You are on page 1of 5

1

PERMENDAGRI NOMOR 37 TAHUN 2010:


BELANJA HIBAH KEPADA PEMERINTAH (INSTANSI VERTIKAL)

1. PENDAHULUAN
Peraturan Pemerintah No.58/2005 tentang Pengelolaan Keuangan Daerah telah
mengatur dengan jelas apa yang dimaksud dengan belanja hibah. Belanja daerah meliputi
semua pengeluaran dari Rekening Kas Umum Daerah yang mengurangi ekuitas dana
lancar, yang merupakan kewajiban daerah dalam satu tahun anggaran yang tidak akan
diperoleh pembayarannya kembali oleh Daerah (pasal 20 ayat 3). Belanja hibah termasuk
dalam komponen Belanja Tidak Langsung di dalam struktur APBD (pasal 27 ayat 7) dan
semua penerimaan dan pengeluaran daerah baik dalam bentuk uang, barang dan/atau jasa
dianggarkan dalam APBD (pasal 17 ayat 1).
Berdasarkan bunyi ketiga pasal yang tercantum dalam PP No.58/2005 tersebut di
atas, dapat diambil beberapa simpulan, yakni:
1) Hibah harus dicantumkan pada komponen belanja tidak langsung dalam
APBD.
2) Pengeluaran yang dilakukan untuk hibah berasal dari Rekening Kas Umum
Daerah.
3) Hibah akan mengurangi ekuitas dana lancar.
4) Hibah dapat diberikan dalam bentuk uang, barang dan/atau jasa.

1. Penganggaran Belanja Hibah untuk Tahun 2011


Permendagri No.37/2010 tentang Pedoman Penyusunan APBD TA 2011 memberi
penjelasan tentang kebijakan terkait belanja hibah, terutama untuk instansi vertikal
(Pemerintah). Namun, jika dicermati lebih jauh, ada beberapa hal yang perlu didiskusikan
lebih mendalam, khususnya berkenaan dengan peraturan lain yang “harus” dipedomani
oleh Pemerintah Daerah. Ada dua pernyataan yang sangat penting di dalam Permendagri
37 tersebut, yakni:
1) Belanja hibah dari Pemerintah Daerah kepada instansi vertikal, mekanisme
penganggaran dan pemberiannya mengacu pada ketentuan pengelolaan
keuangan daerah, dan bagi instansi penerima dalam pelaksanaan dan
pertanggungjawabannya memperhatikan Peraturan Menteri Keuangan terkait
hibah daerah. (lihat Bagian II: Pokok-pokok Kebijakan Penyusunan APBD, 2:
Belanja Daerah, a.

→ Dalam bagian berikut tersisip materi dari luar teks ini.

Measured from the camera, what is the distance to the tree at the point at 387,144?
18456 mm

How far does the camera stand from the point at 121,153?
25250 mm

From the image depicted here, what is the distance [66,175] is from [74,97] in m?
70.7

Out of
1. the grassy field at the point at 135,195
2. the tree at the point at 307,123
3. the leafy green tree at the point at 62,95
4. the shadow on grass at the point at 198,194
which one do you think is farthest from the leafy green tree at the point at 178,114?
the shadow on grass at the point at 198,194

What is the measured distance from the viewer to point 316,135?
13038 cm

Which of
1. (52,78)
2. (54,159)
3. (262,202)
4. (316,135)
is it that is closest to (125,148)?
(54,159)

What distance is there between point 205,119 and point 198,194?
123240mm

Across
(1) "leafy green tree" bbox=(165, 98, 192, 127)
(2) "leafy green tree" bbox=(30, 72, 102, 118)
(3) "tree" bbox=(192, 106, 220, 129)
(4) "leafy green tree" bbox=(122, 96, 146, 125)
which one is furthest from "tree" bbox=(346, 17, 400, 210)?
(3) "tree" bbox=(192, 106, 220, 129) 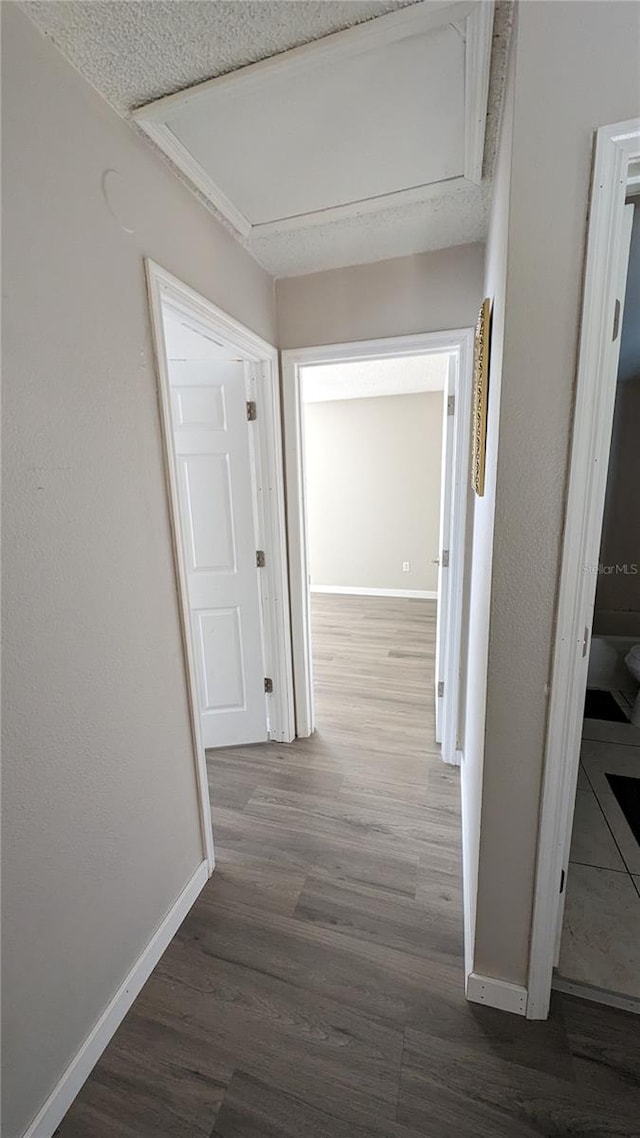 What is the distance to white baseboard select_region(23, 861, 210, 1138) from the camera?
97 cm

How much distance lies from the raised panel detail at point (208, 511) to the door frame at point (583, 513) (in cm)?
164

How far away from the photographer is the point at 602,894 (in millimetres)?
1467

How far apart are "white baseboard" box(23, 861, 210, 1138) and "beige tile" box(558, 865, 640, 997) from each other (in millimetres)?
1215

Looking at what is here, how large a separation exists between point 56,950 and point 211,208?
221 cm

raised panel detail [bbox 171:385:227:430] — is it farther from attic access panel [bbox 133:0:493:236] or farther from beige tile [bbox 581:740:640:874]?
beige tile [bbox 581:740:640:874]

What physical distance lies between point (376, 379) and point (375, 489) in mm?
1378

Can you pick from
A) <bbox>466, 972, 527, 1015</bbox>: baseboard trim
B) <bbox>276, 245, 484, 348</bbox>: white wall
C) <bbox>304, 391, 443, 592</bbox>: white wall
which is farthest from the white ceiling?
<bbox>466, 972, 527, 1015</bbox>: baseboard trim

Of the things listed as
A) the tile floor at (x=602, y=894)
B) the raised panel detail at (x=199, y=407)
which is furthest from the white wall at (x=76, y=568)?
the tile floor at (x=602, y=894)

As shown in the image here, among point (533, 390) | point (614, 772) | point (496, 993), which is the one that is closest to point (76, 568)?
point (533, 390)

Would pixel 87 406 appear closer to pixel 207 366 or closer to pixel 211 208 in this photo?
pixel 211 208

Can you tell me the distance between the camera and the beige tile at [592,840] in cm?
159

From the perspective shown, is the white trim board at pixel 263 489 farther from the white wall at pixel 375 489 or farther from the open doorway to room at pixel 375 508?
the white wall at pixel 375 489

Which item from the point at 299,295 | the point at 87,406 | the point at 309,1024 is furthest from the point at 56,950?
the point at 299,295

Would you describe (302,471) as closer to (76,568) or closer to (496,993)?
(76,568)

Belanja Tidak Langsung, 4: Belanja Hibah dan Bantuan
Sosial, hurup b).
2

2) Penganggaran belanja barang modal yang akan diserahkan kepemilikannya


kepada pihak ketiga/masyarakat pada tahun anggaran berkenaan, dialokasikan
pada belanja barang dan jasa. (lihat  Bagian II: Pokok-pokok Kebijakan
Penyusunan APBD, 2: Belanja Daerah, b. Belanja Langsung, 4: Belanja
Barang dan Jasa, hurup b).
Oleh karena Hibah boleh dianggarkan, maka akan dicantumkan di dalam APBD
terlebih dahulu sebelum disalurkan/diserahkan kepada penerima hibah. Dengan demikian,
pencantuman di dalam APBD pun tidak boleh lari dari aturan main yang sudah ditetapkan
dalam PP No.58/2005 tentang Pengelolaan Keuangan Daerah dan PP No.24/2005 tentang
Standar Akuntansi Pemerintahan. Pada kedua PP ini dinyatakan bahwa APBD
menggunakan basis kas dan pembayarannya dilakukan melalui rekening kas daerah!
Jika Hibah yang akan diberikan kepada penerima hibah (pihak ketiga/masyarakat)
berupa barang atau aset daerah, maka akan muncul permasalahan dalam penganggarannya.
Bunyi pengaturan dalam Permendagri No.37/2010 di atas mengharuskan penggunaan jenis
rekening Belanja Barang dan Jasa, padahal dalam kode rekening di Lampiran AVIII
Permendagri No.13/2006 rekening tersebut tidak ada. Apakah hal ini bermakna Pemda
harus menambah kode rekening baru? Jika iya, apa nama rekening baru tersebut?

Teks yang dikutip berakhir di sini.